Synthetically trained convolutional neural networks for time-resolved aortic segmentation of 4D flow MRI.
Authors
Affiliations (4)
Affiliations (4)
- Institute for Biomedical Engineering, University Zurich and ETH Zurich, Zurich, Switzerland. Electronic address: [email protected].
- Institute for Biomedical Engineering, University Zurich and ETH Zurich, Zurich, Switzerland.
- Department of Cardiology and Electrophysiology, Heart Center Leipzig at University of Leipzig, Leipzig, Germany.

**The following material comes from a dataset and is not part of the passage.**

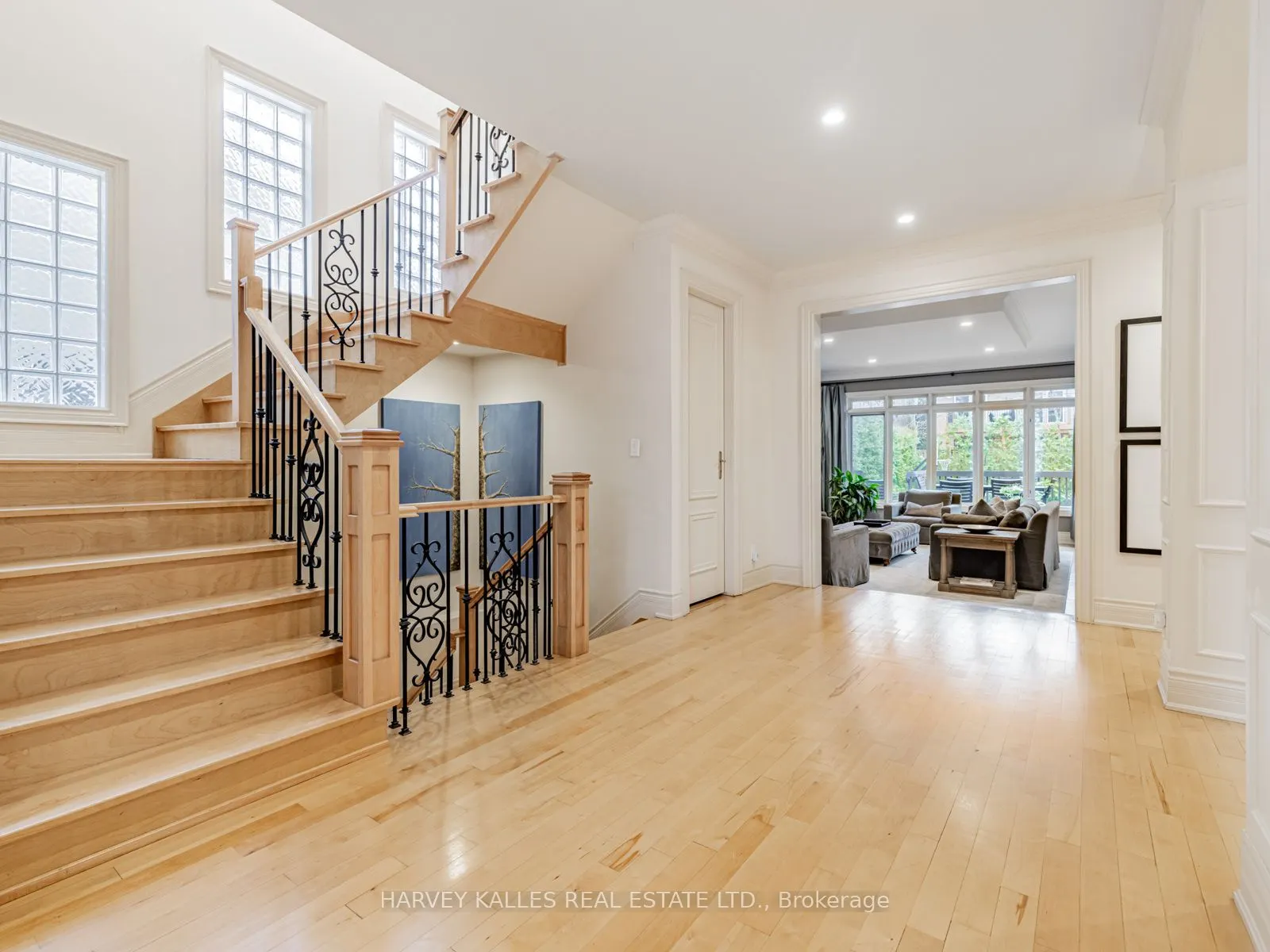 55 Viewmount Avenue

- Institute for Biomedical Engineering, University Zurich and ETH Zurich, Zurich, Switzerland; Diagnostic and Interventional Radiology, Department of Cardiology, University Hospital Zurich, Zurich, Switzerland.
Abstract
Supervised learning-based approaches are increasingly used for vessel segmentation in 4D flow MRI. However, their widespread adoption is challenged by the need for diverse, reliably annotated datasets, sensitivity to acquisition and reconstruction settings, and the lack of fully defined ground truth. In this study, we investigated the use of realistic, fluid mechanics-informed synthetic 4D flow MRI data to train convolutional neural networks for time-resolved aortic segmentation. The availability of fully defined ground truth vessel geometries in synthetic data enabled quantitative evaluation prior to evaluation on in vivo data acquired across three scanners with varying field strengths and protocols. Four training strategies were evaluated: one using in vivo data only (R-28), and three based on increasing amounts and diversity of synthetic data (S-28, S-multi and S-full). Performance was assessed using voxel- and surface-based metrics, including Dice score (DSC), Hausdorff distance (HD), and Bland-Altman analysis. The S-full model achieved the best performance on the in vivo test dataset, with a Dice score of 0.956 ± 0.017 and a Hausdorff distance of 1.708 ± 1.473mm, relative to reference annotations. Bland-Altman analysis of cross-sectional areas showed small biases and narrow limits of agreement, with 1.1% [-10.9, 13.1] % for the ascending aorta and -1.0% [-13.1, 11.1] % for the descending aorta. For the in vivo trained model (R-28) evaluated on synthetic data, relative cross-sectional area measurements yielded biases of 3.1% [-10.9, 17.0] % in the ascending aorta and 4.0% [-8.2, 16.2] % in the descending aorta, relative to synthetic ground truth. This work demonstrates that purely synthetic 4D flow MRI can be used to train neural networks for time-resolved aortic segmentation of in vivo 4D flow MRI data, enabling fully automatic inference and quantitative evaluation against fully defined ground truth.